Social Doesn’t Just Mean Media

Love him or hate him, Bill Clinton made a hell of a lot of sense speaking at the Cannes ad festival on June 21. His message was simple: Use your power to communicate to help solve some of the world’s biggest problems.

In looking at graduate advertising programs, and speaking to professors and students alike, Southern Methodist University’s Temerlin Advertising Institute stands out in this regard. Program director, Dr. Carrie LaFerle, made clear to me that one of the cornerstones of TAI’s program is social responsibility. She truly believes that “the new generation of advertising professionals believe it’s okay to succeed, but not at any cost.” The program instills in its students respect for the consumers they will serve and accountability for the culture they will help shape.

Clinton emphasized society’s need for honest, synthesized communication and Adland’s power to create just that. In a landscape that is increasingly global, enabled by technology, and overwhelmed with choices, communicators’ influence is greater than ever before. Focused messages, good or bad, reach consumers faster and permeate deeper.

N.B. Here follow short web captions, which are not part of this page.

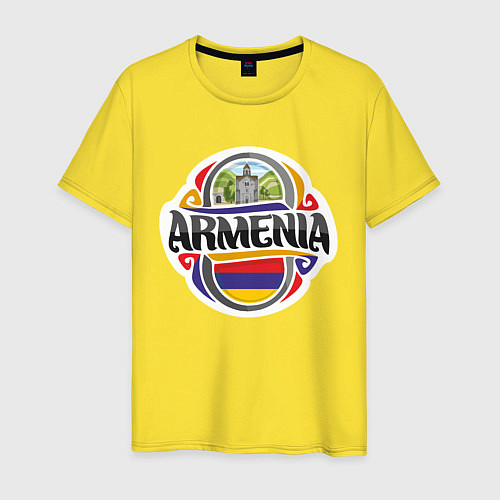 Мужская футболка Армения / Желтый – фото 1
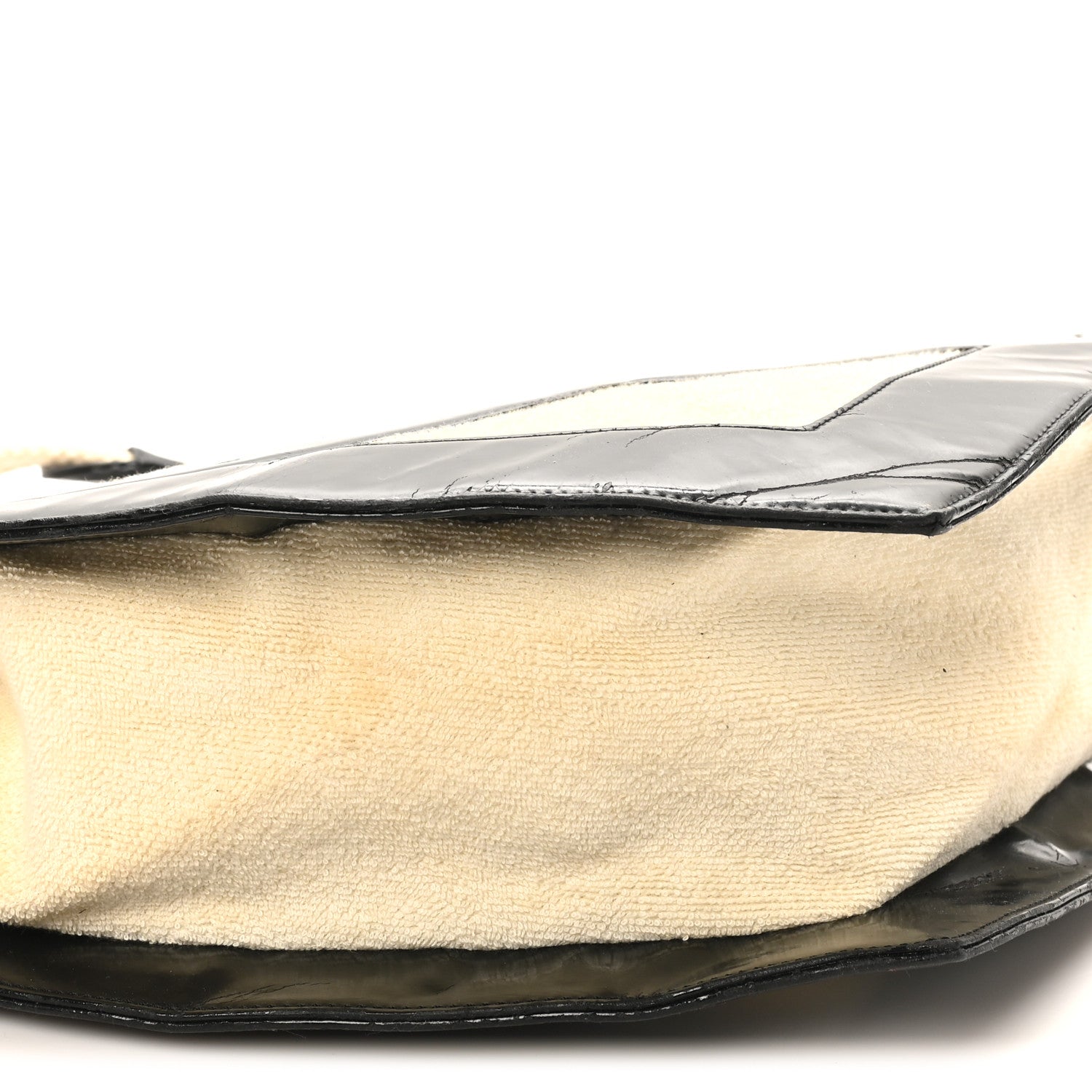 Patent Terry Cloth CC Heart Shoulder Bag Black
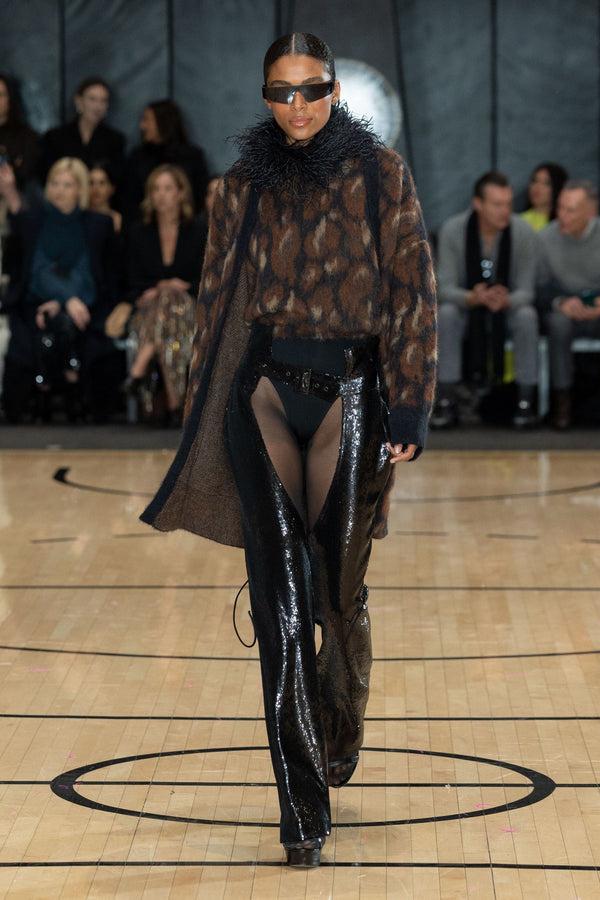 sally lapointe Leopard Jacquard Crew Neck Sweater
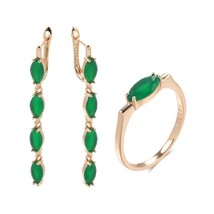Emerald Green Zircon Long Tassel Dangle Earrings Ring Set For Woman 585 Rose Gol - £18.43 GBP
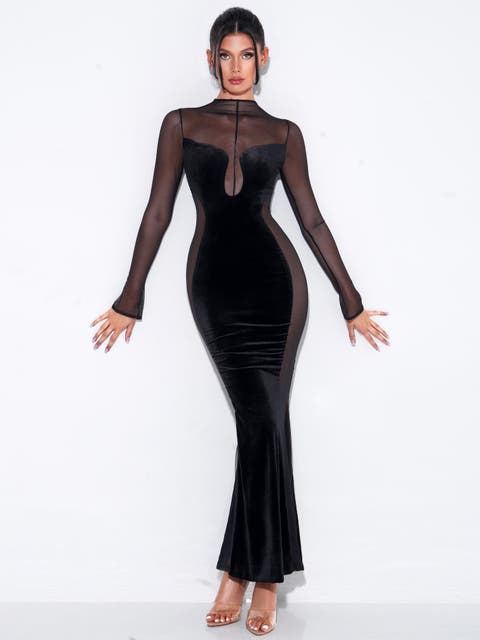 Paislee Velvet Mesh Long Sleeve Gown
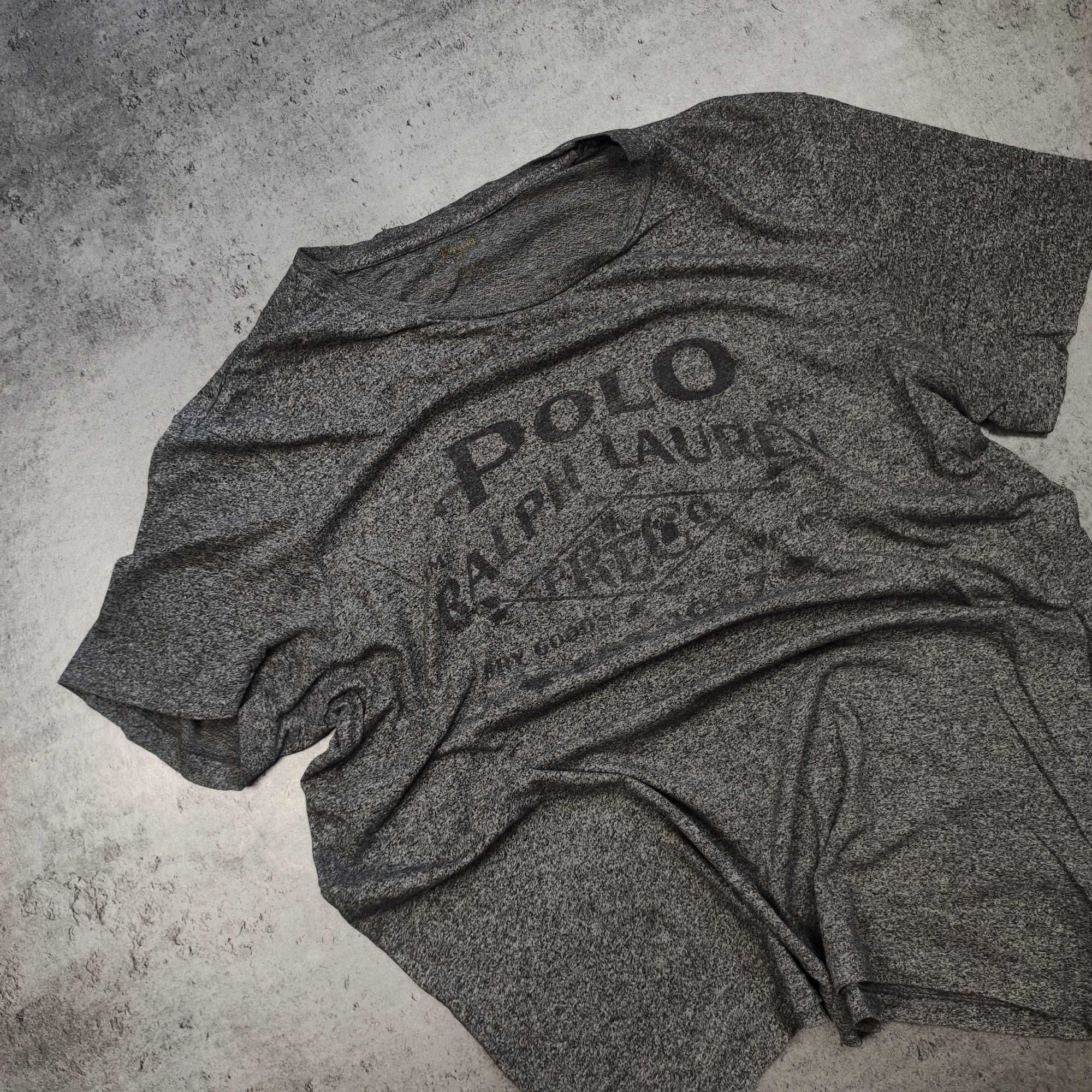 MĘSKA Koszulka Premium Szara Duże Logo Polo Ralph Lauren Elegancka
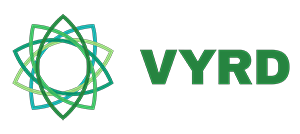 Green logo with intertwined shapes and the word VYRD.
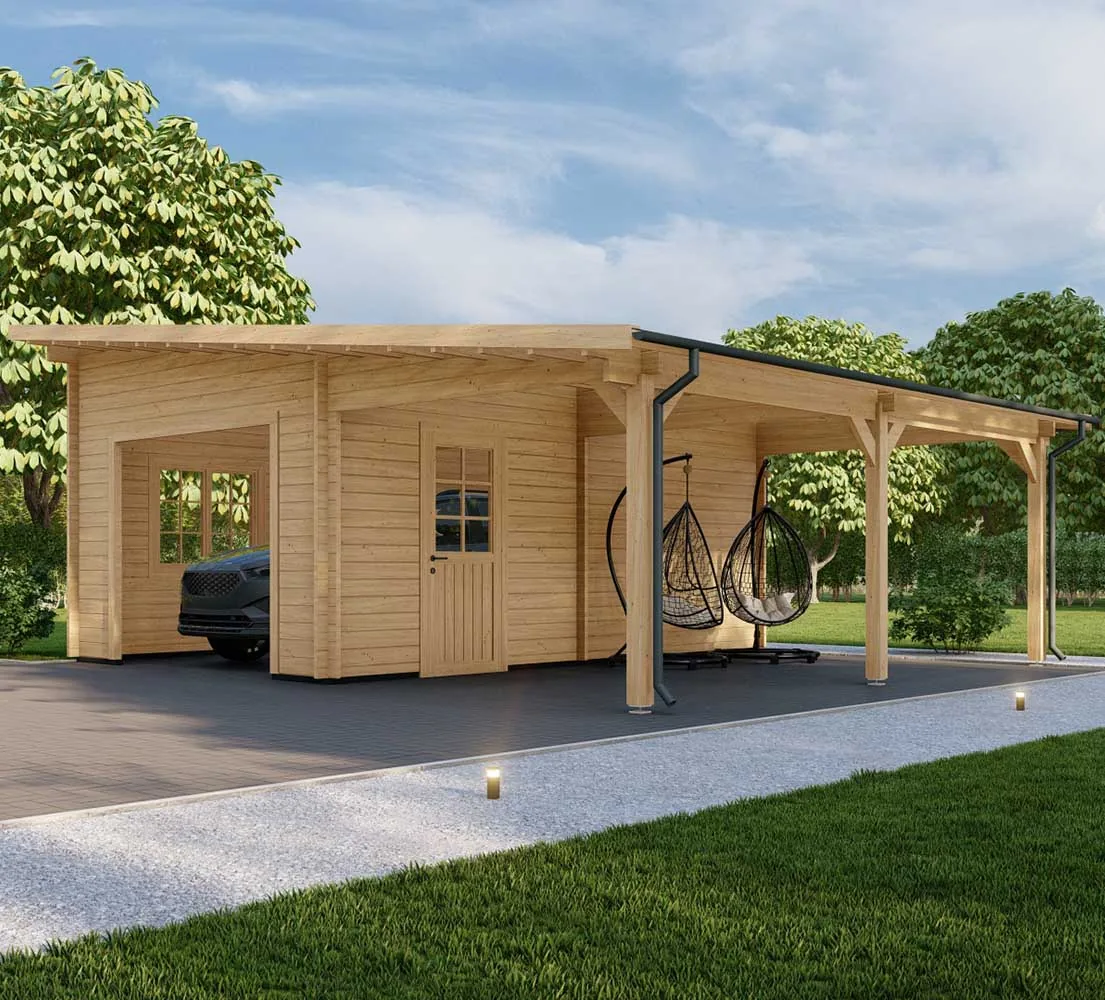 Holzgarage mit Carport Carpinus, 7x6 m, BF 40 m2 ohne Tor Holzgarage mit Carport Carpinus, 7x6 m, BF 40 m2 ohne Tor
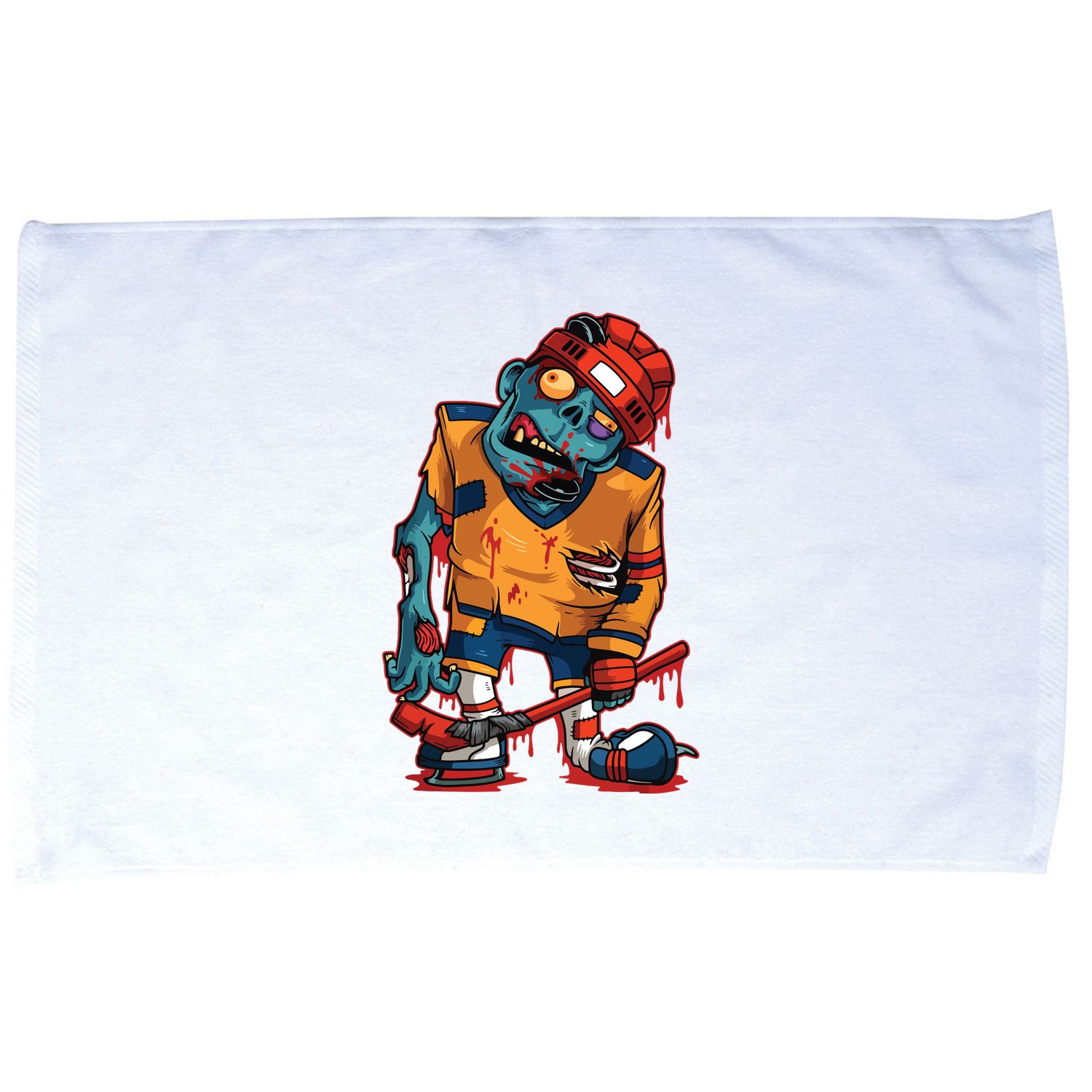 Zombie Ice Hockey Player Halloween Trick Or Treating Gift Microfiber Hand Towel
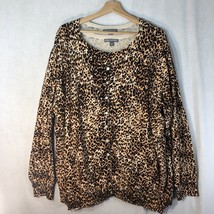 Jessica London Size 30/32 Leopard Animal Print Twin Set Cardigan &amp; Tee S... - $29.69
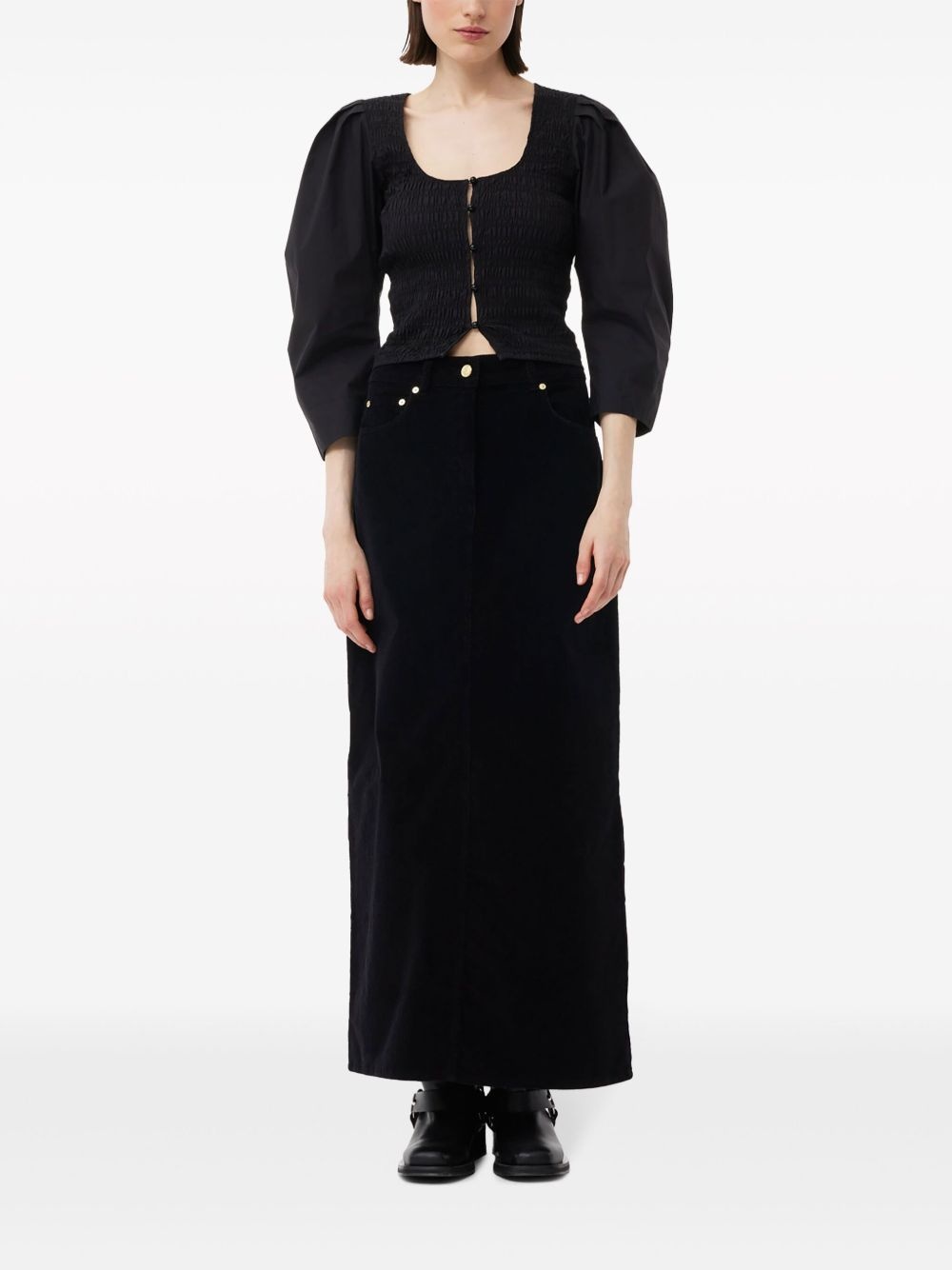 U-neck cropped organic-cotton blouse - 2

Advertisers have a responsibility to acknowledge the new socially and globally conscious consumer, and to use their unique tools as a force for social change.

Advertisers shift toward social media has served consumers and brands well – a similar shift toward social consciousness will undoubtedly do the same.

The more I think about it, the more I realize this is actually important to me – there’s too much negativity, too much lying, and too many messages that poison consumers’ thoughts, and too often in the case of women and adolescents, confidence. To be able to make a positive impact by doing something I love? What could be better?